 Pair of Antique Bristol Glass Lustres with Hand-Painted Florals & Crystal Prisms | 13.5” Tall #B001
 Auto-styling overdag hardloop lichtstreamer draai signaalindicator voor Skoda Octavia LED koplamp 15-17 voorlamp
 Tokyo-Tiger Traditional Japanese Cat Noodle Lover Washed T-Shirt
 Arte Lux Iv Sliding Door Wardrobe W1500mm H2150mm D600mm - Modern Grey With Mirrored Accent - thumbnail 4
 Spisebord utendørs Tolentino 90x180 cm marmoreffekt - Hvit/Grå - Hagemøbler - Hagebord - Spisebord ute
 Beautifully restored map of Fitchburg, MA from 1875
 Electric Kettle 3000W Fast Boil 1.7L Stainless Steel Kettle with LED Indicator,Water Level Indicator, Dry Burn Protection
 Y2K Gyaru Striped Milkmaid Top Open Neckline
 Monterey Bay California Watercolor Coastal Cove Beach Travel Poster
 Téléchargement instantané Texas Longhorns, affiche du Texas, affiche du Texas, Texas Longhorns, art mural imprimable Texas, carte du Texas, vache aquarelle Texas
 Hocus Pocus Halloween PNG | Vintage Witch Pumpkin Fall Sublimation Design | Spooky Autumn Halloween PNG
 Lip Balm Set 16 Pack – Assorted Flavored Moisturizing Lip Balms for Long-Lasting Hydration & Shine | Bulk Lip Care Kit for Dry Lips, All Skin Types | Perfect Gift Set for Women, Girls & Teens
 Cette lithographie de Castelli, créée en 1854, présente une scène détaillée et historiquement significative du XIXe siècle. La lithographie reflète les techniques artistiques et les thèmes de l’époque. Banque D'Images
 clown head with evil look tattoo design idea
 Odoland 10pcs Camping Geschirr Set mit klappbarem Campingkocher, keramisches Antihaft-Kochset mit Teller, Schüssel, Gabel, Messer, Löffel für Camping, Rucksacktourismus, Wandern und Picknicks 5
———
TO DO:
Each line from the top of the material above through the line with "Hocus Pocus Halloween" must be echoed exactly, and no other line.

ANSWER:
 Pair of Antique Bristol Glass Lustres with Hand-Painted Florals & Crystal Prisms | 13.5” Tall #B001
 Auto-styling overdag hardloop lichtstreamer draai signaalindicator voor Skoda Octavia LED koplamp 15-17 voorlamp
 Tokyo-Tiger Traditional Japanese Cat Noodle Lover Washed T-Shirt
 Arte Lux Iv Sliding Door Wardrobe W1500mm H2150mm D600mm - Modern Grey With Mirrored Accent - thumbnail 4
 Spisebord utendørs Tolentino 90x180 cm marmoreffekt - Hvit/Grå - Hagemøbler - Hagebord - Spisebord ute
 Beautifully restored map of Fitchburg, MA from 1875
 Electric Kettle 3000W Fast Boil 1.7L Stainless Steel Kettle with LED Indicator,Water Level Indicator, Dry Burn Protection
 Y2K Gyaru Striped Milkmaid Top Open Neckline
 Monterey Bay California Watercolor Coastal Cove Beach Travel Poster
 Téléchargement instantané Texas Longhorns, affiche du Texas, affiche du Texas, Texas Longhorns, art mural imprimable Texas, carte du Texas, vache aquarelle Texas
 Hocus Pocus Halloween PNG | Vintage Witch Pumpkin Fall Sublimation Design | Spooky Autumn Halloween PNG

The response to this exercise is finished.